■ **Record extracts**
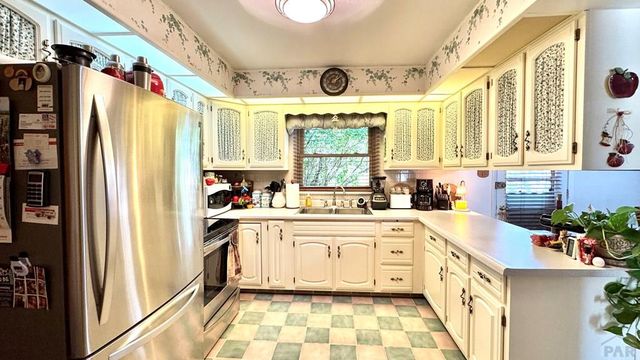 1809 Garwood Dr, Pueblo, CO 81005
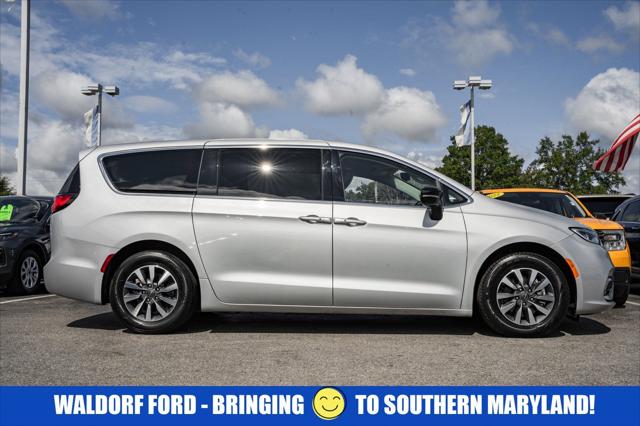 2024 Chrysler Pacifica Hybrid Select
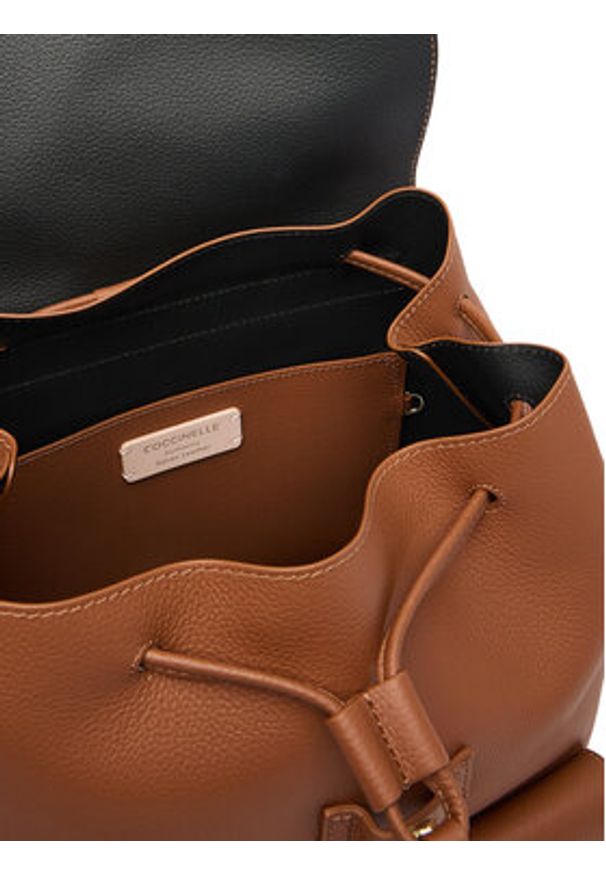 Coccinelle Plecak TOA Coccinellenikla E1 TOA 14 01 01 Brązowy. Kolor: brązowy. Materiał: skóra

...

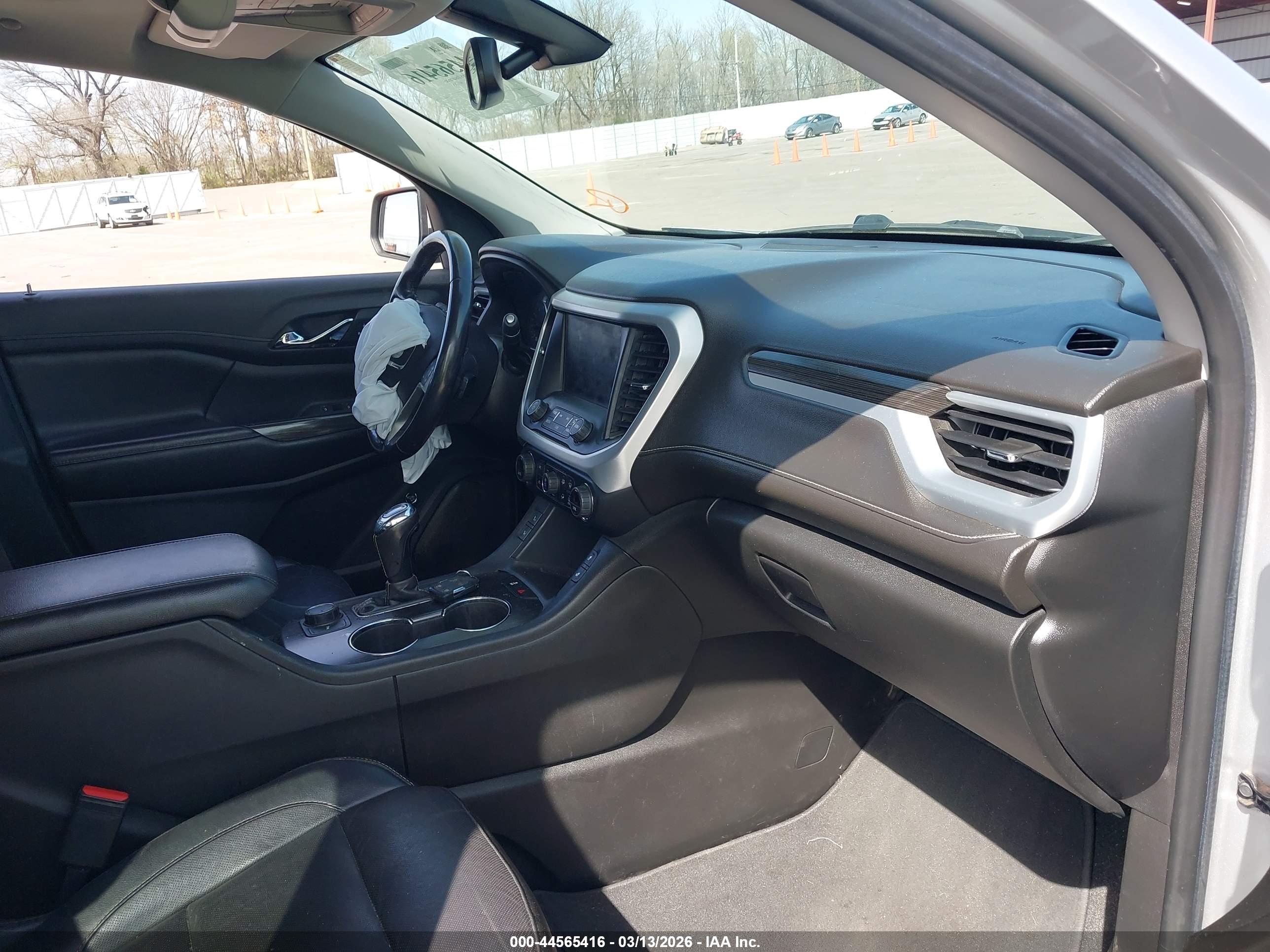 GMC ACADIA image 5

■ **Action item**
Beginning with the line that contains "2024 Chrysler Pacifica Hybrid Select", write out the lines of the material above exactly, and end with the line that contains "Coccinelle Plecak TOA". Omit the pictures.

■ **Your response**
 2024 Chrysler Pacifica Hybrid Select
 Coccinelle Plecak TOA Coccinellenikla E1 TOA 14 01 01 Brązowy. Kolor: brązowy. Materiał: skóra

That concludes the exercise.